Consumer Groups Praise CFPB Small Business Lending Rule

Consumer advocates are praising the Consumer Financial Protection Bureau’s proposed rule that would require financial institutions, including credit unions, to report demographic information about their small business lending.

Lenders that made at least 25 credit transactions in each of the past two years would be required to report demographic information about their small business credit applicants, under the rule.

“Publicly accessible data on small business lending can motivate lenders to increase their lending to women-owned and minority-owned small businesses,” the National Community Reinvestment Coalition said.

Senate Banking Committee Chairman Sen.
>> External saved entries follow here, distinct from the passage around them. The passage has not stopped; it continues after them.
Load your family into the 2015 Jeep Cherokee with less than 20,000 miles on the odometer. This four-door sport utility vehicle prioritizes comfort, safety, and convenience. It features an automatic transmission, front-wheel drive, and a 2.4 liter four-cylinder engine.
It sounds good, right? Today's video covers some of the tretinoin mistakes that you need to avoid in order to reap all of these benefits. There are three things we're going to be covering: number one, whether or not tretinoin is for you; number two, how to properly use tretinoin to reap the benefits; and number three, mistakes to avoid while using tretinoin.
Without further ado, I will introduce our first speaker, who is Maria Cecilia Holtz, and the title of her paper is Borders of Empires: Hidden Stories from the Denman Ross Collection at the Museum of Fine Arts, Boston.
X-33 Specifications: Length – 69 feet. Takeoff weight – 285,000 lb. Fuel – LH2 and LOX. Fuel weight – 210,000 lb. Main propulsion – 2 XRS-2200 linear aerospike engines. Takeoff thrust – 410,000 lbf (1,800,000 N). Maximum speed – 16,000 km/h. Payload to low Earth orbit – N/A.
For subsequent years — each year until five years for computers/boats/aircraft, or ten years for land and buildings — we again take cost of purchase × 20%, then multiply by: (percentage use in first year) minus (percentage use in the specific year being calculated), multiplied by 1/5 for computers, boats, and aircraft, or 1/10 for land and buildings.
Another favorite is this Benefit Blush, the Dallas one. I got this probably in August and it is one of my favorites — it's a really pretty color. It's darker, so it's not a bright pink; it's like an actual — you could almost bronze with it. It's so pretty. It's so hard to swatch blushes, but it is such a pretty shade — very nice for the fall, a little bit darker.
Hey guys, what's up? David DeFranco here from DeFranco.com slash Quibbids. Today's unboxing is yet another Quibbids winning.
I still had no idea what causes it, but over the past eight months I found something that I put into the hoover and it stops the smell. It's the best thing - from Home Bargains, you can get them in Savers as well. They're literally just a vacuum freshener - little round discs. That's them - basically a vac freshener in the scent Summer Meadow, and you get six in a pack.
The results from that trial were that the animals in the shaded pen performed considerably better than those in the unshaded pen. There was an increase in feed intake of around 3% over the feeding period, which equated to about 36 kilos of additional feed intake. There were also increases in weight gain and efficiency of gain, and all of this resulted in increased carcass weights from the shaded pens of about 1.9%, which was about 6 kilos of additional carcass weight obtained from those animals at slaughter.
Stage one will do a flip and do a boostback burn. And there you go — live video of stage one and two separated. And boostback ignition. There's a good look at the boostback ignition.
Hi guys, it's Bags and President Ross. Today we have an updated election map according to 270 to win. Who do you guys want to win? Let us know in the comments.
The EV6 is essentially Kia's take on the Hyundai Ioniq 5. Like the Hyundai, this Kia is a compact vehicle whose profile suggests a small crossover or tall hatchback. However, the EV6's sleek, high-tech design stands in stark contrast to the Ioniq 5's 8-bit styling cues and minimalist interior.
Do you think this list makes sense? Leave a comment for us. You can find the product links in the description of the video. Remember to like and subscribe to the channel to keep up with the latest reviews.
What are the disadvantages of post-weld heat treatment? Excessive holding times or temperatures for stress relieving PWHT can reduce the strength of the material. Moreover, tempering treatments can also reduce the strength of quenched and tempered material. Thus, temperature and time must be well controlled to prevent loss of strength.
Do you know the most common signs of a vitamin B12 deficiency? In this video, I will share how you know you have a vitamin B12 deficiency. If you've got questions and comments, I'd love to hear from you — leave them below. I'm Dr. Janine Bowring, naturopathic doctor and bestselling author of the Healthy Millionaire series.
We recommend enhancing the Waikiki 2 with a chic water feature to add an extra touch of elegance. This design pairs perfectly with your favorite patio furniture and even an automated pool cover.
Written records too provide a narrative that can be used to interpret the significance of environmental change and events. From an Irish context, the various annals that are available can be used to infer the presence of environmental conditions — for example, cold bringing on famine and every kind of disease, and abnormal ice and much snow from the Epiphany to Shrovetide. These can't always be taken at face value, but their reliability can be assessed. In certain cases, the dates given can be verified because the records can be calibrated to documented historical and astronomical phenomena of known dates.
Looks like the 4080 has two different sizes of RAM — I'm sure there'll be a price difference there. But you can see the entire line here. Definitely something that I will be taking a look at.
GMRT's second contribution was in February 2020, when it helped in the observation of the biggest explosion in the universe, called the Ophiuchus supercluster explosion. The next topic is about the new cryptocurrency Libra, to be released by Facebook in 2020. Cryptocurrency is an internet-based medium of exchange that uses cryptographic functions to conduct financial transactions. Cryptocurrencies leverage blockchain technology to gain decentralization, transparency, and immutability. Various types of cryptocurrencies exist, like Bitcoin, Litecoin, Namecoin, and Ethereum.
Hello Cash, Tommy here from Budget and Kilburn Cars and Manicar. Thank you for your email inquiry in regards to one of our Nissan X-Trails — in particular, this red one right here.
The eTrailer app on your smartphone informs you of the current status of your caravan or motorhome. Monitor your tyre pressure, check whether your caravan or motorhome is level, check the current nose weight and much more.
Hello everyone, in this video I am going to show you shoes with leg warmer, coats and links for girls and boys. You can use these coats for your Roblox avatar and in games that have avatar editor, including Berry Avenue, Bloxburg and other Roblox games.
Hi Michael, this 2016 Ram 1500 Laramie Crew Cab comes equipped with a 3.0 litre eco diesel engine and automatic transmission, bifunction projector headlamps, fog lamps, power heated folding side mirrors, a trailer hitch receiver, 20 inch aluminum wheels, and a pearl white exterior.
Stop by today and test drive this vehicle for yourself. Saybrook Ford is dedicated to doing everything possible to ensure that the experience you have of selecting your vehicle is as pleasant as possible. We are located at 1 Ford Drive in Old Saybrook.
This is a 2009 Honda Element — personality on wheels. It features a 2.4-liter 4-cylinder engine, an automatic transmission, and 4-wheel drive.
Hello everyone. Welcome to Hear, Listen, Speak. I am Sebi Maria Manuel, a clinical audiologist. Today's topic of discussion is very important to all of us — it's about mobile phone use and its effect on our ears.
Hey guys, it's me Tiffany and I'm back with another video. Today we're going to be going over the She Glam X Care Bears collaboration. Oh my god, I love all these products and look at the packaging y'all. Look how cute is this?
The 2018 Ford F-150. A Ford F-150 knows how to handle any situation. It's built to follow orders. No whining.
Sherrod Brown, D-Ohio, praised the CFPB’s proposal. “This proposed rule is an important step in addressing longstanding gaps in small business lending data – gaps that have hampered our understanding of small business lending and made it difficult to assess whether loans are distributed fairly and equitably to women- and minority-owned small businesses,” Brown said.

“Minority-owned businesses deserve a fair chance at financial stability, and implementing [the rule] strengthens the fight to addresses racial disparities in banking that have existed for far too long,” said Kiyadh Burt, senior policy analyst at the Hope Policy Institute, an affiliate of the Hope Credit Union in Jackson, Miss. The disparities are particularly serious in the Deep South, where a history of discrimination limited lending to minority-owned businesses, according to Burt.

However, a conservative policy analyst questioned whether the results of such reporting would increase access to credit at small businesses. “As written, the CFPB rule would greatly increase the reporting requirements of lenders, a cost that will inevitably be passed to consumers,” said Thomas Wade, director of financial services policy at the American Action Forum, a conservative think tank. Wade added that additional reporting requirements will not “magically create additional available capital at lenders.”

Financial trade groups have expressed initial apprehension about the rule and some said it would be a disaster for small financial institutions. Credit union trade groups have said in the past that such reporting for credit unions might be inaccurate because of field of membership limits.